In Brazilian culture, the word “malandro” can be a very controversial term. It’s usually has the connotation of a rogue, a gutter-punk, or a trickster. Someone who is very devious and dosen’t play by the rules. They follow a way of life called “malandragem,” or getting the advantage by any means possible.
It evokes a bit of a bad-boy persona, one that’s memorialized in songs and folklore.
But in martial arts like capoeira, malandro and malandragem has a much more positive meaning.
There it describes someone who is extremely versatile and can problem solve on cue. Fluid situational awareness and unconventional problem solving then take on an almost positive quality.
The word “hacker” can be just as controversial. In the programming community, hackers are inventive makers and testers, participating in a vibrant collaborative community.
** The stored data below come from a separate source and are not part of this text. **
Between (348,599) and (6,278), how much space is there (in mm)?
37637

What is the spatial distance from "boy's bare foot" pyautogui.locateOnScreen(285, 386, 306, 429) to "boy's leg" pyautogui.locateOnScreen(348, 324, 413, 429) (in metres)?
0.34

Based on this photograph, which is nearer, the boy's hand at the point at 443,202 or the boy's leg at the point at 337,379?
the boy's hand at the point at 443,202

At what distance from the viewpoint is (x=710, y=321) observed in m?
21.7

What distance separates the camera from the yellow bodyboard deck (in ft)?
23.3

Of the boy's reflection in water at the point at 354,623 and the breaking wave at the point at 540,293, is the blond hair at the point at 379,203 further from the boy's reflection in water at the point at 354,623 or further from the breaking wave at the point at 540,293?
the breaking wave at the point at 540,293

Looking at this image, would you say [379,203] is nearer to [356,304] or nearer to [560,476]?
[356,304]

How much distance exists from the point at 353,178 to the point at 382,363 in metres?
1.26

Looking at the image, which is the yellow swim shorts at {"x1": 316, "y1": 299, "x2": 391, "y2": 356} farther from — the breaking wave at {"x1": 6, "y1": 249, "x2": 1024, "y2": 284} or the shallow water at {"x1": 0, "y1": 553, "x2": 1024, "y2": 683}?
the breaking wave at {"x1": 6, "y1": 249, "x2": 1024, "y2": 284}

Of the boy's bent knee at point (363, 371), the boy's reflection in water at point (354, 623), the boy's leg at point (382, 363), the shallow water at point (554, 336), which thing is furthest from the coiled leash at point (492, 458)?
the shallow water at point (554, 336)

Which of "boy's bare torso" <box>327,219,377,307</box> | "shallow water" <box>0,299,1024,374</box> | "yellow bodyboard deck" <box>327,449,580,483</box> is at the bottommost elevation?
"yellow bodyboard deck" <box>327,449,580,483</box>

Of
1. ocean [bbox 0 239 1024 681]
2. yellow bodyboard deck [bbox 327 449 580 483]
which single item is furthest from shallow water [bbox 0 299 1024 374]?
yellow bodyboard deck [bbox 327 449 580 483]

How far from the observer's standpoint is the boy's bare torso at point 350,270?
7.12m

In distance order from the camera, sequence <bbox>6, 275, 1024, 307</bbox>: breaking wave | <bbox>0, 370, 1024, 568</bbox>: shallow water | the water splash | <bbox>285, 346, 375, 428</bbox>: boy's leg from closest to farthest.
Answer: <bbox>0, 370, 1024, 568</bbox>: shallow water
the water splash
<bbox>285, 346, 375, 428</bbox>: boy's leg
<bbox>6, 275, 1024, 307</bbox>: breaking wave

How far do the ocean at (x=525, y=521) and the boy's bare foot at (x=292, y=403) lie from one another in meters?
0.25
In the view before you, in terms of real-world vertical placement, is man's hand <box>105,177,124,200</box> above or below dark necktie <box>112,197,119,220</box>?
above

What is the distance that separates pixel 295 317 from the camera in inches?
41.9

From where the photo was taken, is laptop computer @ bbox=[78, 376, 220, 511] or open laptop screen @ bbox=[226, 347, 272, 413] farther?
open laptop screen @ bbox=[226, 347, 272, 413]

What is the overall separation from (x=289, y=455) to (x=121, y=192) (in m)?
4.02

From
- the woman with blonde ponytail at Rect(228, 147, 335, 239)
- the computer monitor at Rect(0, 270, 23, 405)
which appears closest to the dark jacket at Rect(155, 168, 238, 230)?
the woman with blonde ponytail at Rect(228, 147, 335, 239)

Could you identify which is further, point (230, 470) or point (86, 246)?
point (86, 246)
To the outside world, hackers are malcontents and thieves, bent on destroying people’s online lives and corrupt their data for laughs.
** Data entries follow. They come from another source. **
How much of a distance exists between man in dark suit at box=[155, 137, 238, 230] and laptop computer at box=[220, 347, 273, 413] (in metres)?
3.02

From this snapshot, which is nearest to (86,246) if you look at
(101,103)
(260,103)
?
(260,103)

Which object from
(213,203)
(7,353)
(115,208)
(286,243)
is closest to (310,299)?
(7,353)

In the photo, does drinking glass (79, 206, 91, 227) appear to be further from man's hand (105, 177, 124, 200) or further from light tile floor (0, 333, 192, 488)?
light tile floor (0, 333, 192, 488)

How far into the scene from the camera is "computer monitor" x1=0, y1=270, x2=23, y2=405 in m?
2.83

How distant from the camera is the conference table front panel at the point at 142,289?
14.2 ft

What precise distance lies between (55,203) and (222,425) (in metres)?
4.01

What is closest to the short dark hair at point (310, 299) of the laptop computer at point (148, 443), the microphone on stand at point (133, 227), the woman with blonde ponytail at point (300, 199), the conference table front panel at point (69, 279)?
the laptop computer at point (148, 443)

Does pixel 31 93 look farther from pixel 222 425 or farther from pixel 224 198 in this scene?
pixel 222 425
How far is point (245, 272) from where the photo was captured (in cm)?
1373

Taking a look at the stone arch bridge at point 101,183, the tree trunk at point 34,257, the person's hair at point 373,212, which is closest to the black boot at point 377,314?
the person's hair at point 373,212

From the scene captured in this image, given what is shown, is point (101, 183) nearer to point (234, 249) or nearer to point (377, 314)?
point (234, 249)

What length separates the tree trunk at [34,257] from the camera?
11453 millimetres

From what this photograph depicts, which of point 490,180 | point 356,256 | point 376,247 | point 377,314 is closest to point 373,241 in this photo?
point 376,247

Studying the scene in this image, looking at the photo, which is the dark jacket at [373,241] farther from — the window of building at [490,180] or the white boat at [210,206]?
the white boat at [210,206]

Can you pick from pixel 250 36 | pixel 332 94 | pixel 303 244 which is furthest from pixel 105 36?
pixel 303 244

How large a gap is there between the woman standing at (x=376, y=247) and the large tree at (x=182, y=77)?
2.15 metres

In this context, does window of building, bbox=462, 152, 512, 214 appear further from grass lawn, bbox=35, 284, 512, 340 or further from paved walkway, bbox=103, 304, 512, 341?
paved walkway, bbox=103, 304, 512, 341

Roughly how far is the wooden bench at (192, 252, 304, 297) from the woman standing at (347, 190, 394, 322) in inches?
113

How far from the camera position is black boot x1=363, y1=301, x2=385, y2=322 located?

Sometimes the steretype gets taken to the extreme…
Hackers are a lot like malandros - they make things work, adapting to problems and systems at the tip of a fedora with everything they have on hand in any way they can. There’s no straight and narrow thinking - just bubbly, shapeshifting inventness.
And on the topic of hacking the planet, here are some awesome worldwide and national hackathons:
NASA Space Apps Challenge
BattleHack
International Open Data Hackathon
Code for America
Oi malandro e malandro! - A malandro is a malandro!